The Christian life is a collaborative effort between a person, the triune God, and the Christian community. God never intended a person to slug through life alone. Jesus promised us we would not be orphans (John 14:18) and the New Testament writers often referred to the church in relational terms (family of God, the body of Christ, etc).
The collaborative nature of the church is important when it comes to helping people find their way back to God.
Years ago I heard Andy Stanley use the phrase “invest and invite” to describe how North Point Church builds a culture of evangelism. It basically boils down to two things:
Invest in a relationship with a non-Christian. As I wrote earlier this week, the best form of evangelism will always be friendship. If you are serious about seeing people enter a relationship with Jesus, it will cost you time, energy, and possibly money. Sometimes it will even be inconvenient. That’s the nature of true friendship. True friendship requires an investment.
The longer you have been following Jesus, the easier it becomes to have fewer non-Christian friends. Don’t let that happen to you.
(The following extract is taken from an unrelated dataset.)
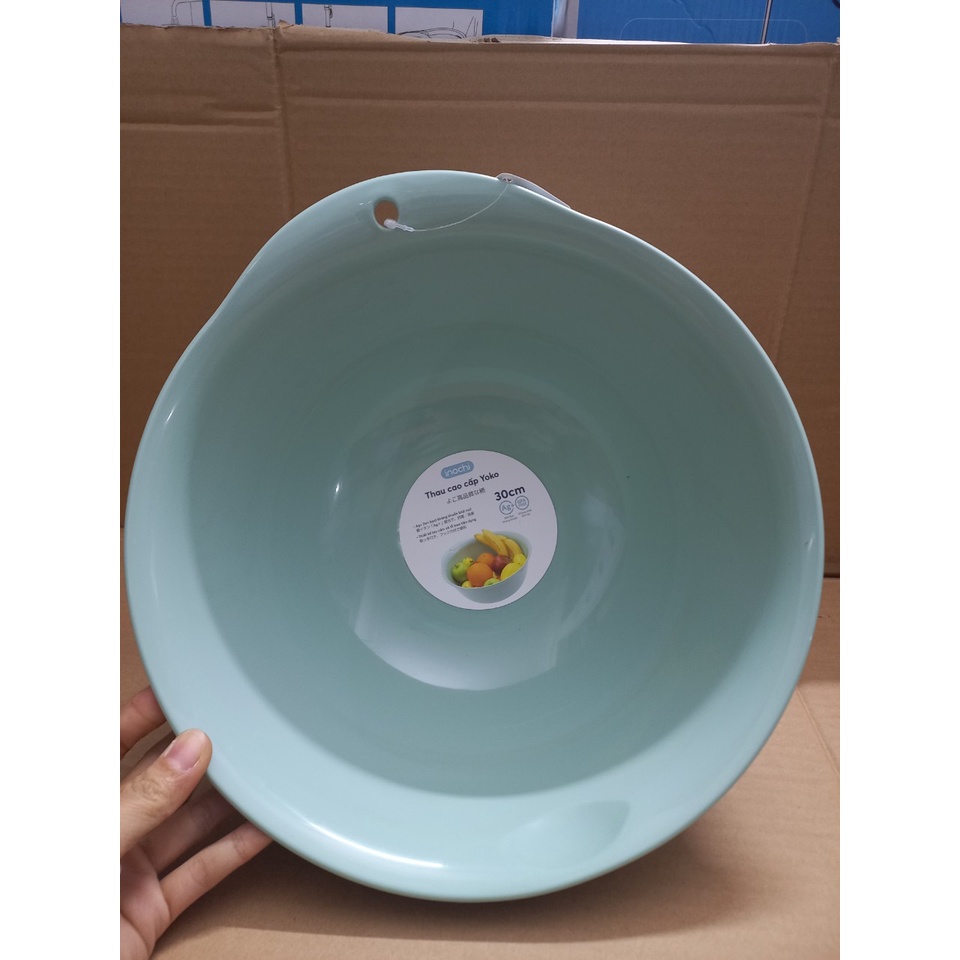 Thau nhựa cao cấp Inochi - Yoko 23cm -30cm -35cm thương hiệu inochi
Invite them to church. If you’re in South Denver, bring them to Mountainview. If not, find a church that you would feel comfortable bringing a non-Christian to. Or, to put it this way, “a church that the unchurched would enjoy attending.” Lest you think this means a watered-down, laser light show type of church … it doesn’t. In fact, most non-Christians I interact with today are not looking for fluff but answers and direction.
As a pastor, I hold as a sacred honor the opportunity to preach to your friends. I understand that you are stepping out on a limb when you invite a friend to church. The last thing you want to be is embarassed by the music or sermon. In fact, it is this very fear (and the very real chance it will happen) that keep people from inviting friends to church.
I can’t guarantee you success everytime you invite someone to church. But I can tell you that the odds greatly improve when you have invested in the relationship and have found a church that expects your non-church friends to be there.